At her death, the Witch of Wall Street was worth more than J. P. Morgan, and nearly all of it was in cash. Yet Hetty Green had worn the same dress for thirty years and lived in squalor. The Witch’s son Ned was another matter, a six-foot, four-inch, 300-pound eccentric

At her death, the Witch of Wall Street was worth more than J. P. Morgan, and nearly all of it was in cash. Yet Hetty Green had worn the same dress for thirty years and lived in squalor. The Witch’s son Ned was another matter, a six-foot, four-inch, 300-pound eccentric who tossed away $3 million a year on cars, coins, stamps, female “wards,” pornography, yachts, and Texas politics.

Henrietta Howland Robinson was born in New Bedford, Massachusetts on November 21, 1835. She inherited about $1 million outright from her father in 1865 and a life interest in $5 million. She was tall, full-figured, and handsome, with “a bosom full and high,” large, bright blue, intelligent eyes, regular features, and a fine, delicate, peach-blossom complexion that she retained into old age. Edward H. Green, a wealthy Vermonter, fell in love with her as she walked into the dining room in Boston’s Parker House.

With a pre-nuptial agreement under which each remained independent of the other in financial matters, they married in 1867. After eight years in London, the couple returned to America to live in Bellows Falls, Vermont. Here Hetty began to show an obsessive parsimony, spending half the night looking for a two-cent stamp she had mislaid, wearing wildly outdated clothes that were never mended or replaced, and not washing to save money on soap. (In later years, Mrs. Green’s economy led guests in hotel dining-rooms to ask for Hetty to be seated as far away from them as possible.) She became notorious and a favorite target for reporters with a satirical eye.

Mr. Green found Mrs. Green embarrassing. Relocating the family to New York, he took a bachelor apartment in an expensive men’s residential hotel, while Hetty, though wealthier than ever, lived with her children in cheap flats in Brooklyn and Hoboken, frequently moving to evade state taxes. They rarely paid more than twenty-two dollars a month for rent or five dollars a week for food.

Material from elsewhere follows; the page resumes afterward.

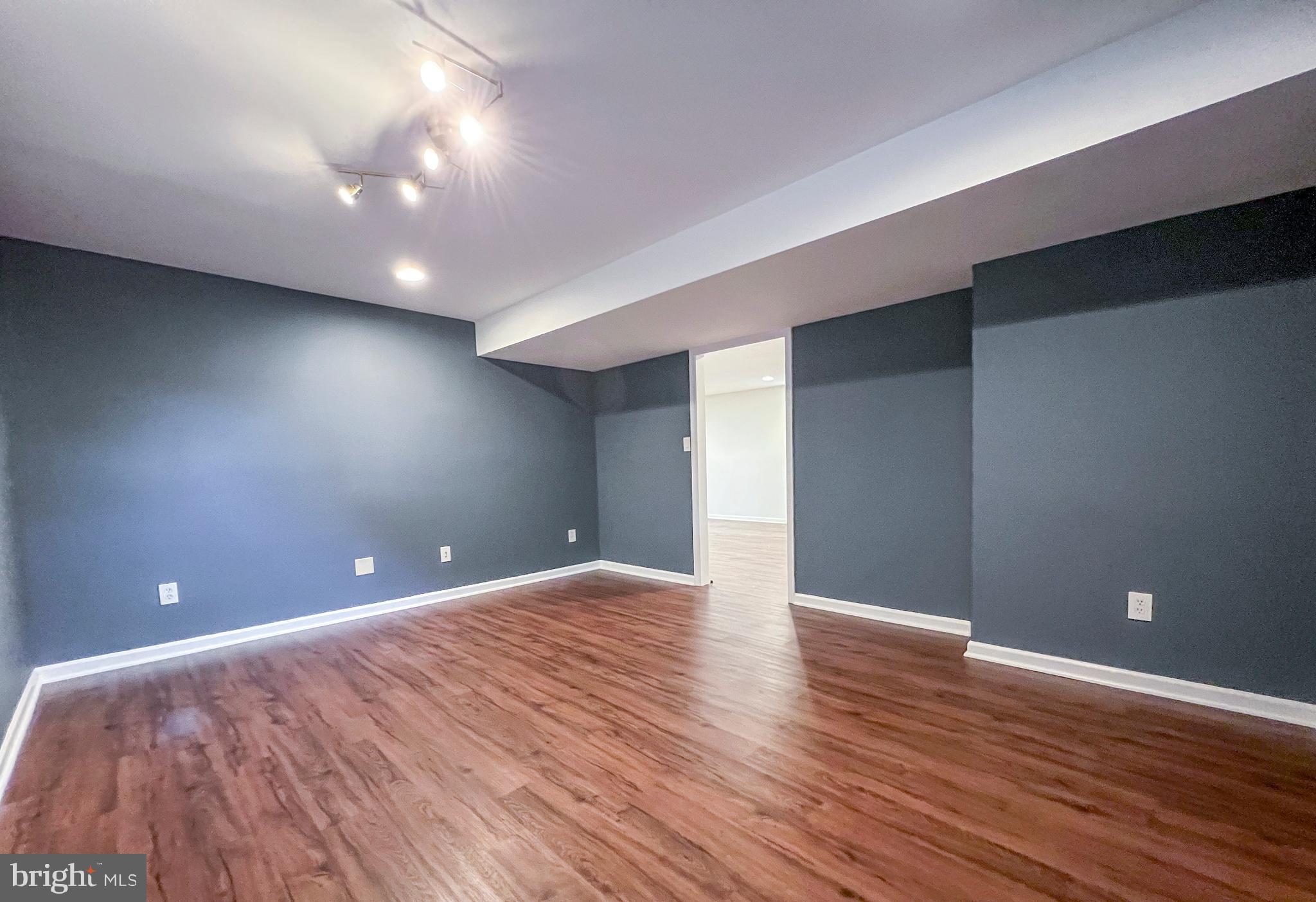 3909 BEEKER MILL PL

In 1886, her son Ned was knocked down and dragged by a cart at Ninth Avenue and 23rd Street, severely injuring his right leg. She refused to pay doctors’ fees, instead making the rounds of free medical clinics in Manhattan and Brooklyn. She was recognized and turned away because she refused to pay although she could afford to. Eventually she had to take Ned to a doctor who, by then, could do nothing but advise amputation. It was that or death by gangrene, but Hetty would not—perhaps could not—pay for a doctor. Finally, her husband paid for the procedure, and the youth’s leg was cut off about seven inches above the knee.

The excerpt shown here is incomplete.